- Exercise aim
From the first line to the last, copy the data exactly and drop the pictures.

[Start of Attachment]

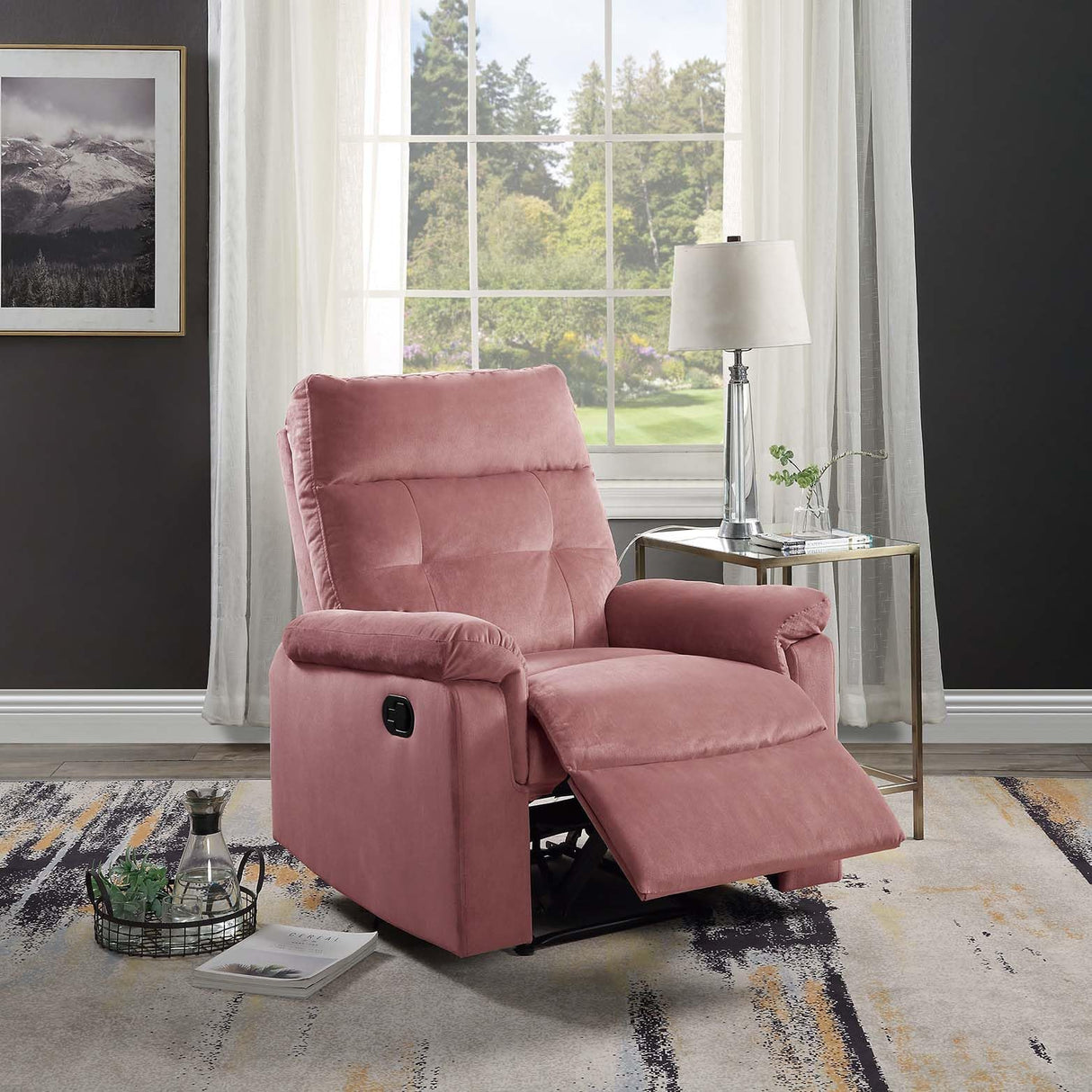 Luxury Velvet Manual Recliner Chair - Overstuffed Recliner with Tufted Back & Pillow Top Arms, Tuft Reclining Chairs with Adjustable Footrest, Mid Century Manual Recliners for Living Room (Pink) JCRRFLT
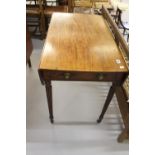 19th cent. Mahogany Pembroke table with single drawer to one end & false drawer to the other. The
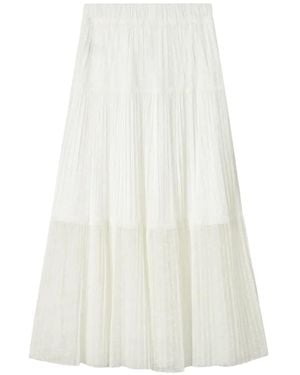 B+ AB Mid Tiered Pleated Skirt - White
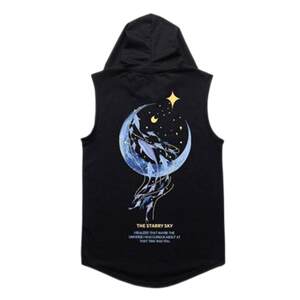 
Sports basketball uniform hurdle hooded sweatshirt fitness cotton hooded vest men summer internet celebrity sleeveless vest T-shirt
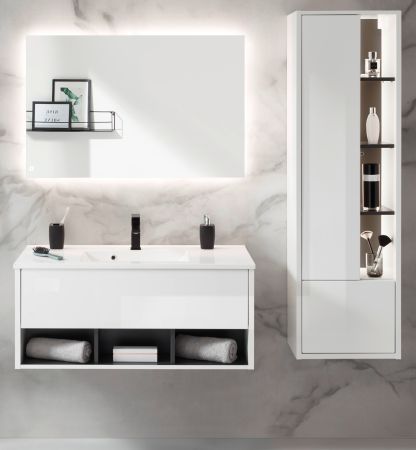 Badm�bel Set Glide in wei� Hochglanz und grau mit Waschbecken und LED Beleuchtung 155 x 190 cm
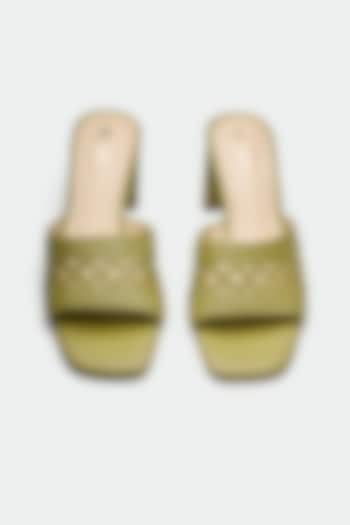 Green Genuine Leather Mule Sandals by Oroh at Pernia's Pop Up Shop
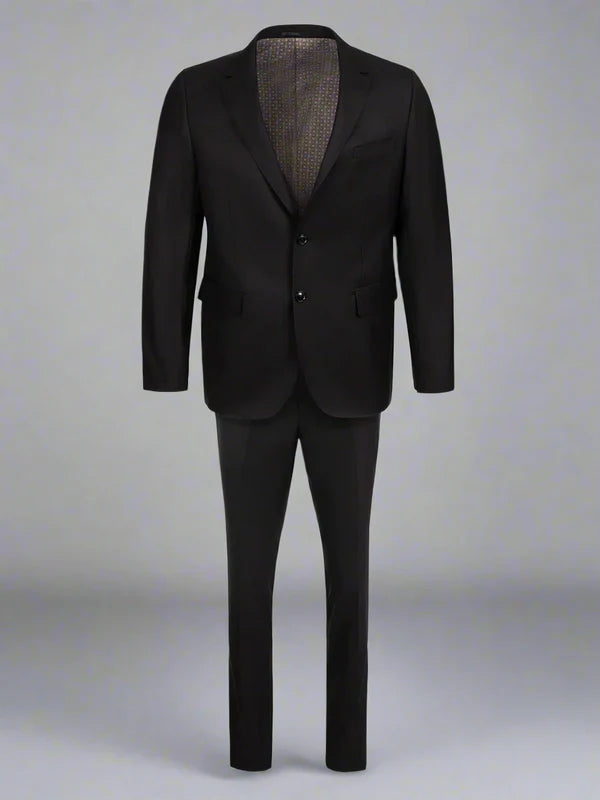 Cardeliano Mens Black Wool Suit-Classic Fit 100-1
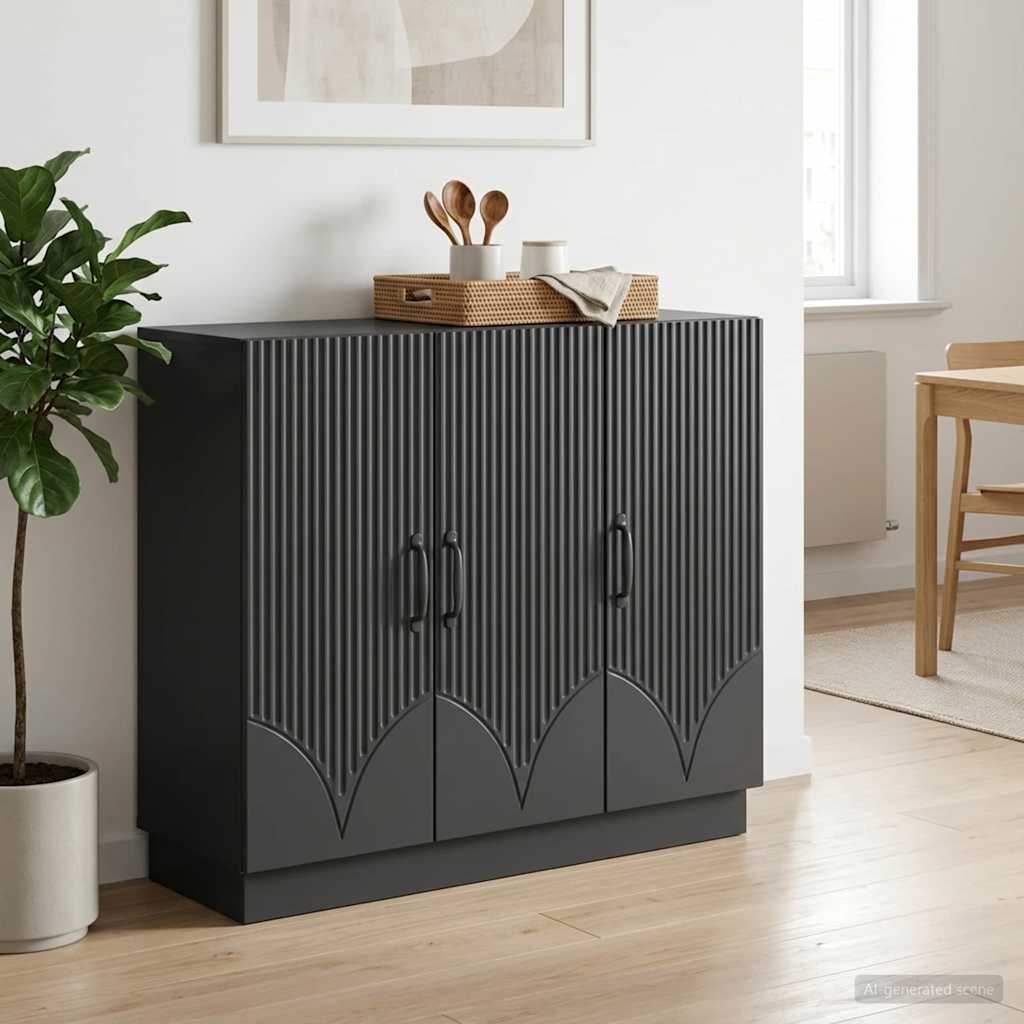 Sideboard Schwarz 89 x 34,5 x 77 cm Holzwerkstoff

[End of Attachment]

- Written answer
 Luxury Velvet Manual Recliner Chair - Overstuffed Recliner with Tufted Back & Pillow Top Arms, Tuft Reclining Chairs with Adjustable Footrest, Mid Century Manual Recliners for Living Room (Pink) JCRRFLT
 19th cent. Mahogany Pembroke table with single drawer to one end & false drawer to the other. The
 B+ AB Mid Tiered Pleated Skirt - White
Sports basketball uniform hurdle hooded sweatshirt fitness cotton hooded vest men summer internet celebrity sleeveless vest T-shirt
 Badm�bel Set Glide in wei� Hochglanz und grau mit Waschbecken und LED Beleuchtung 155 x 190 cm
 Green Genuine Leather Mule Sandals by Oroh at Pernia's Pop Up Shop
 Cardeliano Mens Black Wool Suit-Classic Fit 100-1
 Sideboard Schwarz 89 x 34,5 x 77 cm Holzwerkstoff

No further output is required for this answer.